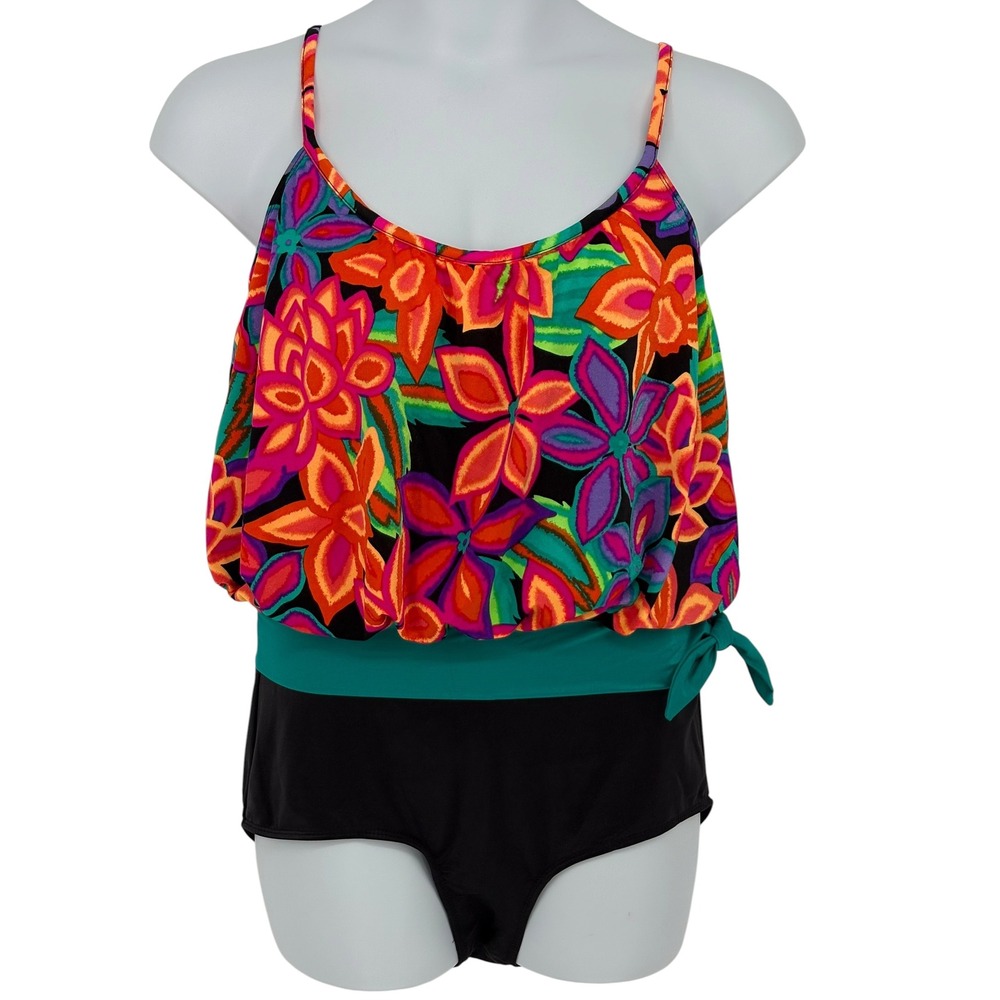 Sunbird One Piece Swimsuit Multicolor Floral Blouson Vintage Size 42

************

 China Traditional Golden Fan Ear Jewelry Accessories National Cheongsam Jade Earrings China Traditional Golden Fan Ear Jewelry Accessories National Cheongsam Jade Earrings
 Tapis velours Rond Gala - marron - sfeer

************

▶ **Task objective**
In the data above, find the line that contains "Jade Earrings China" and the line that contains "Tapis velours Rond Gala - marron - sfeer". Repeat exactly those lines and every line between them, and only those.

▶ **Response area**
 China Traditional Golden Fan Ear Jewelry Accessories National Cheongsam Jade Earrings China Traditional Golden Fan Ear Jewelry Accessories National Cheongsam Jade Earrings
 Tapis velours Rond Gala - marron - sfeer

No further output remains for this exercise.